— Task details —
The records that follow are to be transcribed word for word.

######

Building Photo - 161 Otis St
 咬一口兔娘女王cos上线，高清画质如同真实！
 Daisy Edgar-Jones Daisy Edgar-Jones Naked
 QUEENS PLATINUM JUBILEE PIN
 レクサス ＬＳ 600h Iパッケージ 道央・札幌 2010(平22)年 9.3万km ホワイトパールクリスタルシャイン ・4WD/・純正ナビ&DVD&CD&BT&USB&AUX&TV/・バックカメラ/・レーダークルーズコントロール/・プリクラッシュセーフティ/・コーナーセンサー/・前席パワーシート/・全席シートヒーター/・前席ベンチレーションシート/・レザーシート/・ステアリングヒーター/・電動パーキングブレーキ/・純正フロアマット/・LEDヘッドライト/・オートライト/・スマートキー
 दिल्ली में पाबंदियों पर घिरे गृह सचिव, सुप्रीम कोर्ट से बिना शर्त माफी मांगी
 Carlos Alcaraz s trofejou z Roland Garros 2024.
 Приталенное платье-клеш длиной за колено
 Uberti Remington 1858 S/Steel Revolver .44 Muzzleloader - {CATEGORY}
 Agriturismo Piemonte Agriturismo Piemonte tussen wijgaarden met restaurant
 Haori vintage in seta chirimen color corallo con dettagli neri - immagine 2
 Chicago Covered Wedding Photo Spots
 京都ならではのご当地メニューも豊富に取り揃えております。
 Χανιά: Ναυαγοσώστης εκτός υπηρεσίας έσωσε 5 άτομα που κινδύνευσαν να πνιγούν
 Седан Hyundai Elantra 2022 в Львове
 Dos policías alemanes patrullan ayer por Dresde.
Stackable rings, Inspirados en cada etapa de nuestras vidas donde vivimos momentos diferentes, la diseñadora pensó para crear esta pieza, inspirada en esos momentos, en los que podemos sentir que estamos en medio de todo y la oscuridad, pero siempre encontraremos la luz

######

— Result for this task —
Building Photo - 161 Otis St
 咬一口兔娘女王cos上线，高清画质如同真实！
 Daisy Edgar-Jones Daisy Edgar-Jones Naked
 QUEENS PLATINUM JUBILEE PIN
 レクサス ＬＳ 600h Iパッケージ 道央・札幌 2010(平22)年 9.3万km ホワイトパールクリスタルシャイン ・4WD/・純正ナビ&DVD&CD&BT&USB&AUX&TV/・バックカメラ/・レーダークルーズコントロール/・プリクラッシュセーフティ/・コーナーセンサー/・前席パワーシート/・全席シートヒーター/・前席ベンチレーションシート/・レザーシート/・ステアリングヒーター/・電動パーキングブレーキ/・純正フロアマット/・LEDヘッドライト/・オートライト/・スマートキー
 दिल्ली में पाबंदियों पर घिरे गृह सचिव, सुप्रीम कोर्ट से बिना शर्त माफी मांगी
 Carlos Alcaraz s trofejou z Roland Garros 2024.
 Приталенное платье-клеш длиной за колено
 Uberti Remington 1858 S/Steel Revolver .44 Muzzleloader - {CATEGORY}
 Agriturismo Piemonte Agriturismo Piemonte tussen wijgaarden met restaurant
 Haori vintage in seta chirimen color corallo con dettagli neri - immagine 2
 Chicago Covered Wedding Photo Spots
 京都ならではのご当地メニューも豊富に取り揃えております。
 Χανιά: Ναυαγοσώστης εκτός υπηρεσίας έσωσε 5 άτομα που κινδύνευσαν να πνιγούν
 Седан Hyundai Elantra 2022 в Львове
 Dos policías alemanes patrullan ayer por Dresde.
Stackable rings, Inspirados en cada etapa de nuestras vidas donde vivimos momentos diferentes, la diseñadora pensó para crear esta pieza, inspirada en esos momentos, en los que podemos sentir que estamos en medio de todo y la oscuridad, pero siempre encontraremos la luz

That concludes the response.